La grande onda è una delle immagini più conosciute e riconoscibili non solo dell’arte giapponese, ma dell’arte in generale. È frutto di un momento storico particolare, l’epoca Edo che parte dalla metà del Seicento fino alla fine dell’Ottocento, e fa parte dello stile ukiyo-e, traducibile con “immagini del mondo fluttuante”. Si tratta della rappresentazione dei gusti, delle mode, dei luoghi, dei volti famosi che affascinano la classe cittadina emergente grazie alla nascita della capitale Edo che diventa sede dello Shōgun, il comandante dell’esercito. Grazie a un periodo di pace, gli artisti dell’epoca danno vita a una ricca produzione pittorica su rotoli dipinti a pennello; una produzione su larga scala che consiste sostanzialmente in xilografie policrome. La grande onda rientra in questa categoria ed è anche una delle famose 36 vedute del monte Fuji di Katsushika Hokusai.

La mostra è nello spazio espositivo dell’Ara Pacis di Roma fino al 14 gennaio 2018 e ha una particolarità: per motivi conservativi le opere non possono essere esposte per più di sei settimane, quindi il 20 novembre avverrà un cambio del 70% del percorso, comprese tutte le opere xilografiche. Di fatto, si tratta di due diverse mostre da visitare.

Ne parliamo con la curatrice, la dottoressa Rossella Menegazzo.

Come definirebbe il periodo storico in cui si inserisce l’arte di Hokusai?

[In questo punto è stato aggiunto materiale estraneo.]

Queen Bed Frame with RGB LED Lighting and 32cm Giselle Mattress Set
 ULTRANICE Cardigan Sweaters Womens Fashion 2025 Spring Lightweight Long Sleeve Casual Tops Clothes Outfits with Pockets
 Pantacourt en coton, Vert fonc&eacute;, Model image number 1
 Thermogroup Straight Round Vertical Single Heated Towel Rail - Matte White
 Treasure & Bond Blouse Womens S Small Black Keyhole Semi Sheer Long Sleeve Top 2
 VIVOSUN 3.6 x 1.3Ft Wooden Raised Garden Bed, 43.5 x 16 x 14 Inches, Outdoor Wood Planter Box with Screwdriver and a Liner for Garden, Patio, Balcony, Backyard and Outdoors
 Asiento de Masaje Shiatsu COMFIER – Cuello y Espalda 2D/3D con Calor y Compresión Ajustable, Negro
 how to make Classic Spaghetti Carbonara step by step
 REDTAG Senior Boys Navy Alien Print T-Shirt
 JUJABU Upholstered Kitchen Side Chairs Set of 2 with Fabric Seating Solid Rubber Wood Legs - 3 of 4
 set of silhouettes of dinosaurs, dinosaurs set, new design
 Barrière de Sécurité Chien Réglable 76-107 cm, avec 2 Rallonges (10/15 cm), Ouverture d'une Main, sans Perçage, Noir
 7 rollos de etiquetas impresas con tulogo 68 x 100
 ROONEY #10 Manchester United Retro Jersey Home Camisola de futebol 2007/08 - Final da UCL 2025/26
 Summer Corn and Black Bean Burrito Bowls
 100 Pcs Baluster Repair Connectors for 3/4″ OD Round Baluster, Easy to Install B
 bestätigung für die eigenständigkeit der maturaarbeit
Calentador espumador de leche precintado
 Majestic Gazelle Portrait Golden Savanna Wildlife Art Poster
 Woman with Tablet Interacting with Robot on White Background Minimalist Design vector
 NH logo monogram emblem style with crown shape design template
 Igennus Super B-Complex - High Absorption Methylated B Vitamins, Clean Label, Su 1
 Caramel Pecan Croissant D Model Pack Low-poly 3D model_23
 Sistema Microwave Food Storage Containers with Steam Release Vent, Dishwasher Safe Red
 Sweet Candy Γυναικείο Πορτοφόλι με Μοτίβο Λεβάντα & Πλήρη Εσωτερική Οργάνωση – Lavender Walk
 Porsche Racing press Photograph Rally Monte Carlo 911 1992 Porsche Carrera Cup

«Si tratta di un momento affascinante perché è la conclusione di un periodo di grandi battaglie, interne al Giappone, tra vari clan militari che vogliono prendere il potere e dominare sugli altri clan. Sarà la famiglia Tokugawa che, a partire dal 1603, verrà messa a condurre il paese, sia da un punto di vista amministrativo che politico, e sceglierà Edo, ovvero l’attuale Tokyo come propria capitale. Avremo 150 anni di pace ininterrotti durante i quali, naturalmente, da una parte i samurai perderanno un po’ il loro potere perché non saranno più nei campi di battaglia, dall’altra però il ceto cittadino prenderà forza e vigore, si arricchirà e darà vita anche a tutta quell’arte del mondo fluttuante che oggi rappresenta il Giappone forse più di qualsiasi altro filone artistico».